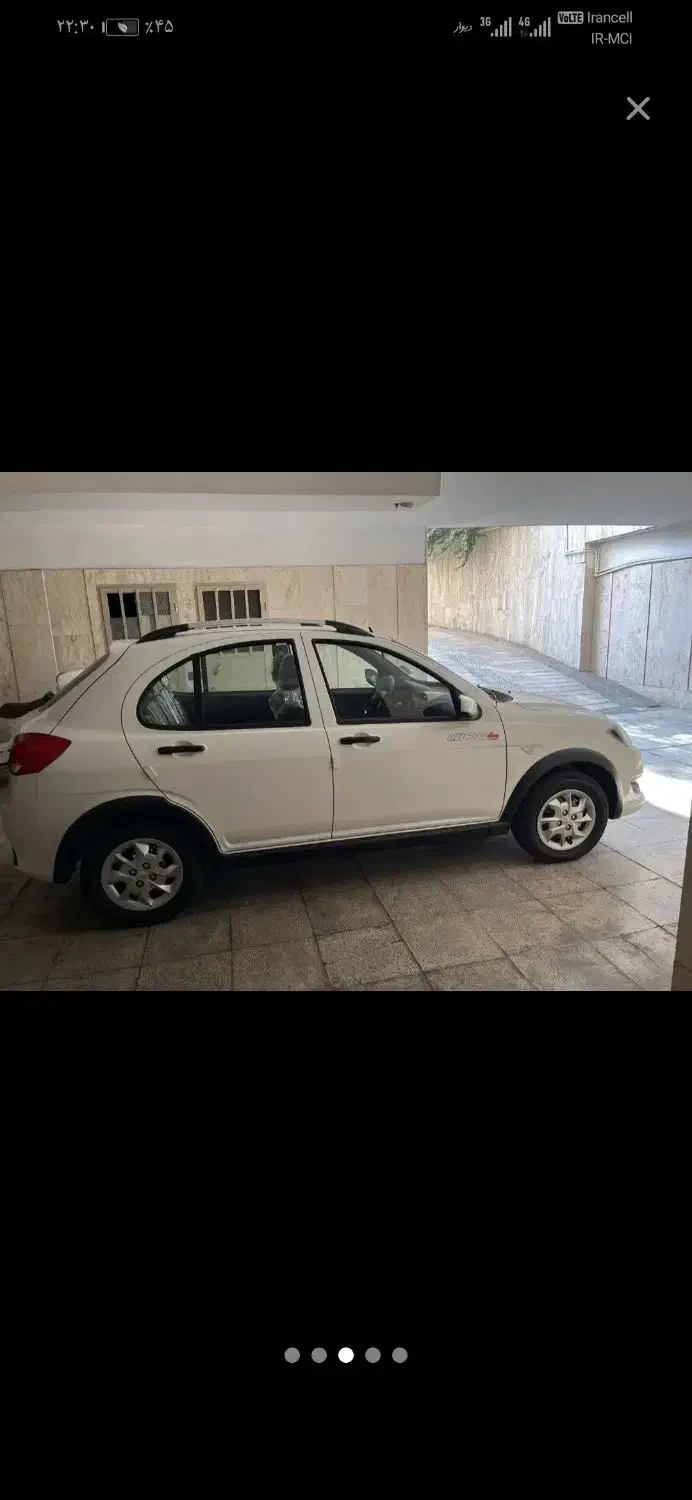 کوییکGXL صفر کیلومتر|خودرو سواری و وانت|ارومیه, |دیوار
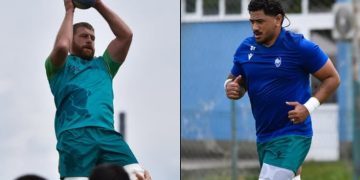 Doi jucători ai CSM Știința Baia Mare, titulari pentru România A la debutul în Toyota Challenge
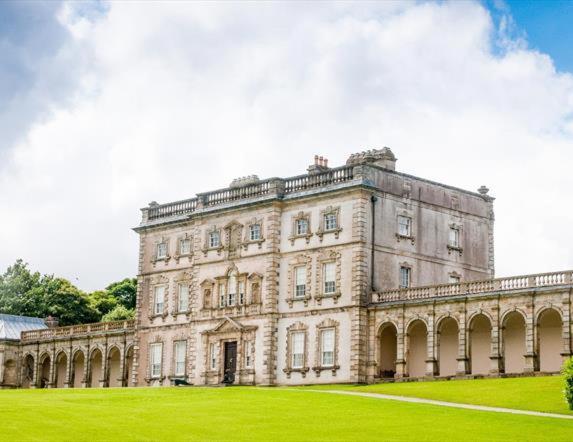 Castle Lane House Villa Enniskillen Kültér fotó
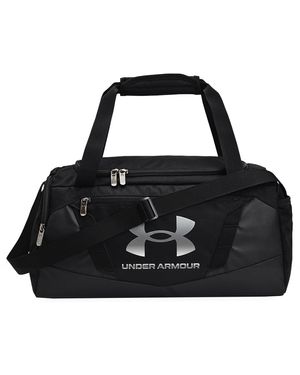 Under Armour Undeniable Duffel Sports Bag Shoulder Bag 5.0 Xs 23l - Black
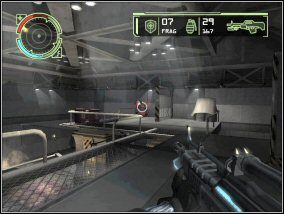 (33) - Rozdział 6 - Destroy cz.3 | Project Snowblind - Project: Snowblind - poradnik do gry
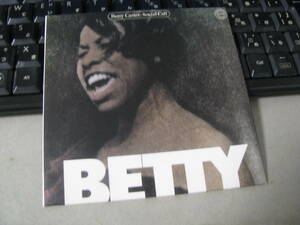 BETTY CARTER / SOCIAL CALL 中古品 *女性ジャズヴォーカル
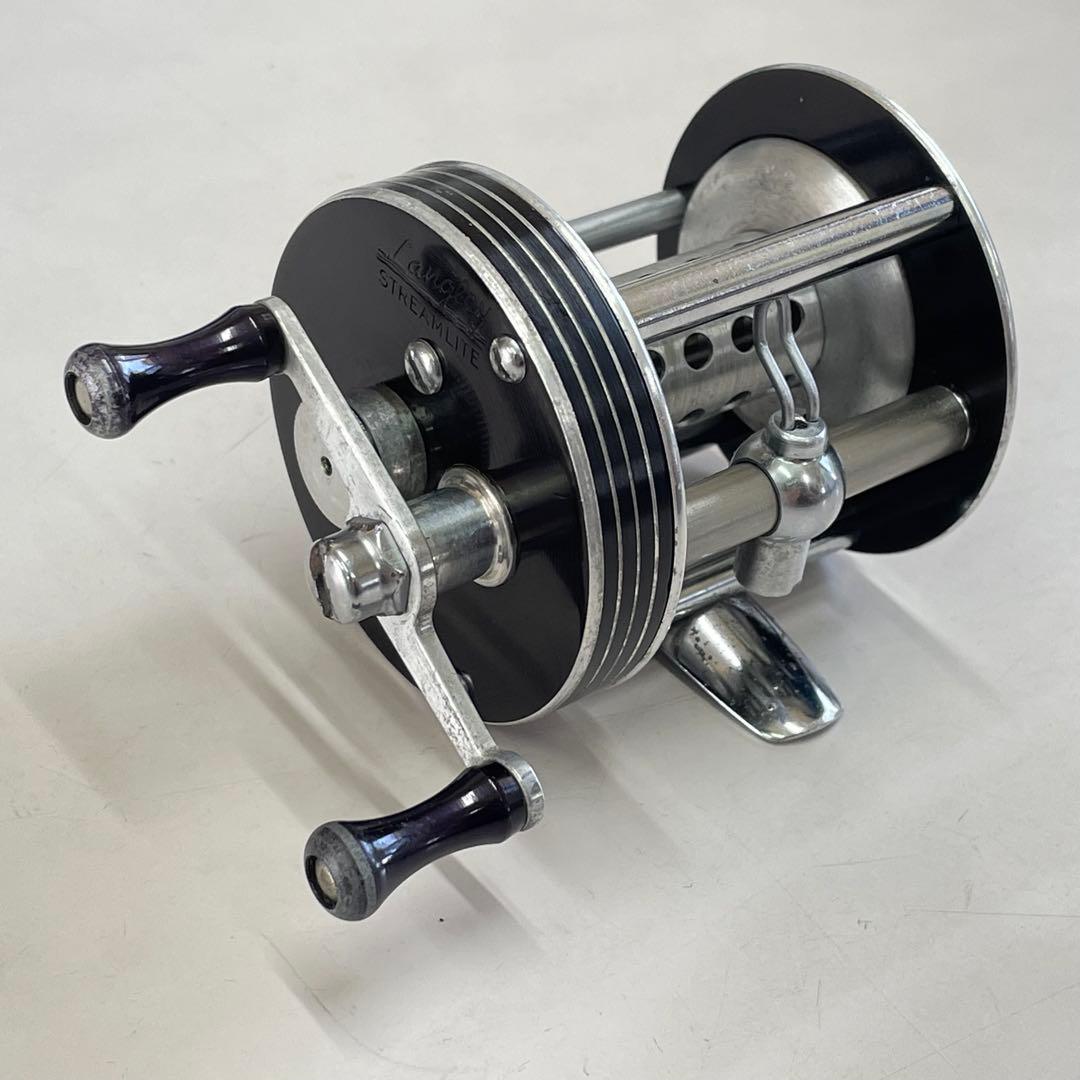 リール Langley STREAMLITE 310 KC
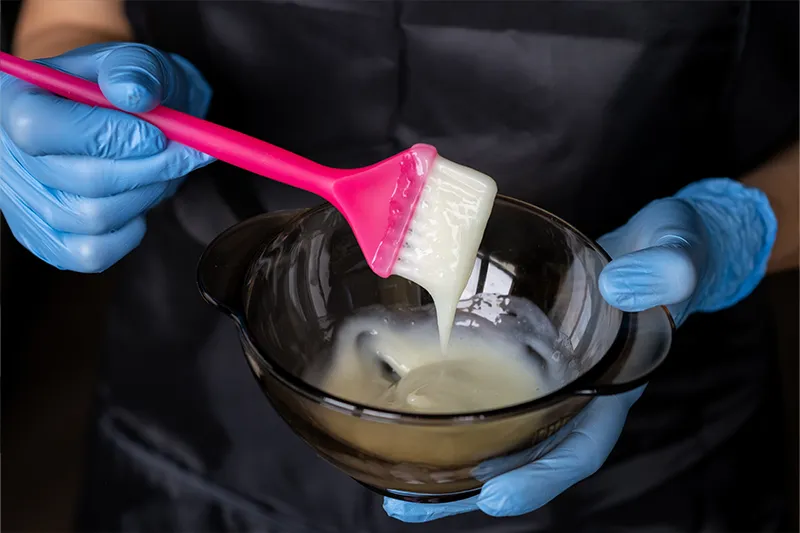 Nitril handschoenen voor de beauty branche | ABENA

What you will do:
Would you write out the data exactly, with no pictures in the copy?

Result of the exercise:
 کوییکGXL صفر کیلومتر|خودرو سواری و وانت|ارومیه, |دیوار
 Doi jucători ai CSM Știința Baia Mare, titulari pentru România A la debutul în Toyota Challenge
 Castle Lane House Villa Enniskillen Kültér fotó
 Under Armour Undeniable Duffel Sports Bag Shoulder Bag 5.0 Xs 23l - Black
 (33) - Rozdział 6 - Destroy cz.3 | Project Snowblind - Project: Snowblind - poradnik do gry
 BETTY CARTER / SOCIAL CALL 中古品 *女性ジャズヴォーカル
 リール Langley STREAMLITE 310 KC
 Nitril handschoenen voor de beauty branche | ABENA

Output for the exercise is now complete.